Available records section start

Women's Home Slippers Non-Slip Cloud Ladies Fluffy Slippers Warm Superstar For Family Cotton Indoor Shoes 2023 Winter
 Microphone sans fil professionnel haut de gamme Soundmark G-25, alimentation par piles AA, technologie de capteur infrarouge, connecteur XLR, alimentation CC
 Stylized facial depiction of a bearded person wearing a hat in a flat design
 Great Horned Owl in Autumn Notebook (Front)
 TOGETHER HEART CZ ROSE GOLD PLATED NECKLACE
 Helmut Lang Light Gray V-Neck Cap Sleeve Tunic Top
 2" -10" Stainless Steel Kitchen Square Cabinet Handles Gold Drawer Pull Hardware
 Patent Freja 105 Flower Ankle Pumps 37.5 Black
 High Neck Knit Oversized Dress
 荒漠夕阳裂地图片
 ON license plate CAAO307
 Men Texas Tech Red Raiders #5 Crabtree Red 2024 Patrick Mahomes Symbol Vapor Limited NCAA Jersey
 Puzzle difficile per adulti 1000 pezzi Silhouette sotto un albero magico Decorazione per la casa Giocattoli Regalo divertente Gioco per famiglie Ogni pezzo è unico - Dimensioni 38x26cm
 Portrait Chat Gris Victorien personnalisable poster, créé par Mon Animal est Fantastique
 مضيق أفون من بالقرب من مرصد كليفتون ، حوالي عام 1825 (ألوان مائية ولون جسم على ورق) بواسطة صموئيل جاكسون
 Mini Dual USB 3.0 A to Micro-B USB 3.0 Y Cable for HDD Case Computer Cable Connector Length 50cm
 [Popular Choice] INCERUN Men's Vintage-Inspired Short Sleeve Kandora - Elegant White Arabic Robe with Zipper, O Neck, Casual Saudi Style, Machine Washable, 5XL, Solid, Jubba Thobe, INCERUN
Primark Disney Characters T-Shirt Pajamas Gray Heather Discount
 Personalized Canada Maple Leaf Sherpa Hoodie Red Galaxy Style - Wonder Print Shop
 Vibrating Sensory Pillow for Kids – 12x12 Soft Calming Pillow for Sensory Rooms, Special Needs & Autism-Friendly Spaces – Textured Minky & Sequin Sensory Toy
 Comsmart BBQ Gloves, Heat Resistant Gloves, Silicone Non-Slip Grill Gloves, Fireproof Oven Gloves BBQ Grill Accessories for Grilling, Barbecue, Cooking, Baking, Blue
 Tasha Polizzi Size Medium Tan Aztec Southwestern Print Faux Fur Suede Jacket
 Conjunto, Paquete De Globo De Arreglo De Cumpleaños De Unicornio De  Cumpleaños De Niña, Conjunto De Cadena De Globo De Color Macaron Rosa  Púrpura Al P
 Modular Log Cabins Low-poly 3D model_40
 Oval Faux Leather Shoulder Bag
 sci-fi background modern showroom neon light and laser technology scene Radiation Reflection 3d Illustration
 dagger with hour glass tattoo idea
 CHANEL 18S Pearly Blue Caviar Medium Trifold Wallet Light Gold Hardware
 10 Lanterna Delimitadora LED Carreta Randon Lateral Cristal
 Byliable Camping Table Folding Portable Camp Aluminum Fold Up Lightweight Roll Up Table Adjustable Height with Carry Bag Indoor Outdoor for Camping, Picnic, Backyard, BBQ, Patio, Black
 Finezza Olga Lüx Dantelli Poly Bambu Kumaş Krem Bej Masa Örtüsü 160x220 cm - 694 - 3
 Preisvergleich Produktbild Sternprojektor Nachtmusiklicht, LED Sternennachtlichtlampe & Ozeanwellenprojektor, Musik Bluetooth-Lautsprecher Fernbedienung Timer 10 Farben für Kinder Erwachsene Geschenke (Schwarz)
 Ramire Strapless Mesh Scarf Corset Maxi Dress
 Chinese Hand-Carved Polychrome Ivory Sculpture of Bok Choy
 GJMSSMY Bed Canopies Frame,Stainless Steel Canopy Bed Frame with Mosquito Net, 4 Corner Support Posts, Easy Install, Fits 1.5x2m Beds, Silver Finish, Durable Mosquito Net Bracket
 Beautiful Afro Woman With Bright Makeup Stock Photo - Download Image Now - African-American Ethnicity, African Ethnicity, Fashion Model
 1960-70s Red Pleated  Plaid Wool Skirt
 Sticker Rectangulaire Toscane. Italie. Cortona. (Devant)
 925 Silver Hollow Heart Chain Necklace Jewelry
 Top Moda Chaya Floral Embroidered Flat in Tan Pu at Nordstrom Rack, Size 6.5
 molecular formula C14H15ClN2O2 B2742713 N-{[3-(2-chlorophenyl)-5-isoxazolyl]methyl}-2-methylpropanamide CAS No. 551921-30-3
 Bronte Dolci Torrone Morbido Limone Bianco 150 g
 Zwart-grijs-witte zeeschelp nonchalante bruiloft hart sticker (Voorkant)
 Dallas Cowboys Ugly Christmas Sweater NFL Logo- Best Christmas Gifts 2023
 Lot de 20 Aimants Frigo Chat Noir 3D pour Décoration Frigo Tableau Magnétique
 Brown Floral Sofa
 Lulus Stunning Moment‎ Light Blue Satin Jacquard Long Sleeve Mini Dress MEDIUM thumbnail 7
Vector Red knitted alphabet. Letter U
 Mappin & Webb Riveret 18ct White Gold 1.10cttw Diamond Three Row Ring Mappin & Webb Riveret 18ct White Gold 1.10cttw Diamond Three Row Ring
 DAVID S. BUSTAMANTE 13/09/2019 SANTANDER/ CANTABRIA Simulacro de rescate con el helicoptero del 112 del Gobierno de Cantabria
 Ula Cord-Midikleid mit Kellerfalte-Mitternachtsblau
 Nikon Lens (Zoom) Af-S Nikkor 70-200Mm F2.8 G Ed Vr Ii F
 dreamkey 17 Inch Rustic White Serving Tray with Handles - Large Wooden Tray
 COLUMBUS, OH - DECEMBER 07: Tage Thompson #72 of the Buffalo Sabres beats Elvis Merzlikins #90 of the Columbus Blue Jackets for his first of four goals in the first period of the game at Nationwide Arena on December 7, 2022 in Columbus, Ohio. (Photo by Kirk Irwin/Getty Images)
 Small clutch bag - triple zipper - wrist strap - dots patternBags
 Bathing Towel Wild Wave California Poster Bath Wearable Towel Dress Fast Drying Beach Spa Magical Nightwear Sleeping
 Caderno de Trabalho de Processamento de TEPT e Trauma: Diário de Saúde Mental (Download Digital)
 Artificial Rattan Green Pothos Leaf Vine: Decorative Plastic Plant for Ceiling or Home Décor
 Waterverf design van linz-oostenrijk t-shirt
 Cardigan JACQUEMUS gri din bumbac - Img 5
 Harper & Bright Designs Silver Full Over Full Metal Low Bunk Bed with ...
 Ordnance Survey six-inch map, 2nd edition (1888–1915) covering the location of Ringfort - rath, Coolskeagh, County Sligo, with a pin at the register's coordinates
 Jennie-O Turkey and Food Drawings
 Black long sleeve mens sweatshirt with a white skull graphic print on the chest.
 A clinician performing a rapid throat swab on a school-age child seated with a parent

Available records section end

■ What is needed: Every line above that holds the word "Bright" is to be found and copied.

■ Solution for this exercise:
 Beautiful Afro Woman With Bright Makeup Stock Photo - Download Image Now - African-American Ethnicity, African Ethnicity, Fashion Model
 Harper & Bright Designs Silver Full Over Full Metal Low Bunk Bed with ...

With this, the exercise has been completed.